"Ah, but—pardon me; he is a clergyman."
"And therefore bound to prove, whether he believes in his own proof or not. Unworthy suspicion!" she cried, with a touch of her old manner. "If you had known that man's literary history for the last thirty years, you would not suspect him, at least, of sacrificing truth and conscience to interest, or to fear of the world's insults."
I was rebuked; and not without hope and confidence, I broached the question to the good dean when he came in—as he happened to do that very day.
"I hardly like to state my difficulties," I began—"for I am afraid that I must hurt myself in your eyes by offending your—prejudices, if you will pardon so plain-spoken an expression."
"If," he replied, in his bland courtly way, "I am so unfortunate as to have any prejudices left, you cannot do me a greater kindness than by offending them—or by any other means, however severe—to make me conscious of the locality of such a secret canker."

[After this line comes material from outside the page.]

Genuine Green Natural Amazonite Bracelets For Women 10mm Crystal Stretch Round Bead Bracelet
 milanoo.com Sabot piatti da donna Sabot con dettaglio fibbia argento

"But I am afraid that your own teaching has created, or at least corroborated, these doubts of mine."
"How so?"
"You first taught me to revere science. You first taught me to admire and trust the immutable order, the perfect harmony of the laws of Nature."
"Ah! I comprehend now!" he answered, in a somewhat mournful tone—"How much we have to answer for! How often, in our carelessness, we offend those little ones, whose souls are precious in the sight of God! I have thought long and earnestly on the very subject which now distresses you; perhaps every doubt which has passed through your mind, has exercised my own; and, strange to say, you first set me on that new path of thought. A conversation which passed between us years ago at D * * * * on the antithesis of natural and revealed religion—perhaps you recollect it?"
Yes, I recollected it better than he fancied, and recollected too—I thrust the thought behind me—it was even yet intolerable.